Dans des climats pervers comme les nôtres ils ont l’odeur du sexe.

 

Rugissement du lion d’Hollywood et ensuite :

Générique

 

Un pied, avec les quelques centimètres de jambe dont il a besoin pour ne pas paraître monstrueux, descend, sûr de lui, jusqu’au bas de l’écran. Il s’arrête pour une seconde et puis il remonte de deux ou trois centimètres. On pourrait penser le début d’une oscillation. Mais non : il s’arrête, assuré, mais sans raideur. Une main sort du côté gauche de l’écran et glisse sous le pied.
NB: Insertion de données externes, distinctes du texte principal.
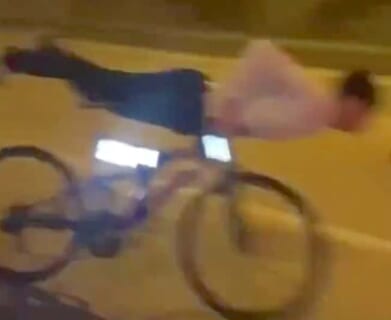 【閲覧注意】イキリ中学生「チャリでスーパーマン乗りやってみた！」⇒ 即死（動画あり）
Les orteils, confiants, se relâchent et s’appuient sur la paume fidèle.

 

James Mason

 

À la droite de l’écran, les noms défilent du haut vers le bas sans cacher les orteils grassouillets qui donnent un air porcin à ce bout de corps.


Sue Lyon

 

La main, christique, immobile et accueillante, presque complètement cachée par le pied qui s’y abandonne, montre au spectateur la motte du pouce avec sa pente qui plonge, toujours plus obscure, vers le centre de la paume.

 

and Peter Sellers

as Quilty

 

Deux doigts de l’autre main — la droite — entrent en scène. Ils écartent le gros orteil de son voisin et y mettent un flocon d’ouate pour les garder écartés. Un très mince pinceau vernit, à petits coups caressants, l’ongle du gros orteil.

 

edition Anthony Harvey

 

Deuxième écartement. Deuxième ouate. Deuxième ongle. Deuxième série de coups de pinceau.

 

screenplay by Vladimir Nabokov

 

Le gros orteil se lève légèrement, il regarde devant lui, puis il s’abandonne paresseux sur la paume.

 

produced by James B. Harris

 

Troisième. Quatrième. Même rythme. Même immobilité d’une main et mêmes actions des doigts de l’autre : écarter, pousser, vernir.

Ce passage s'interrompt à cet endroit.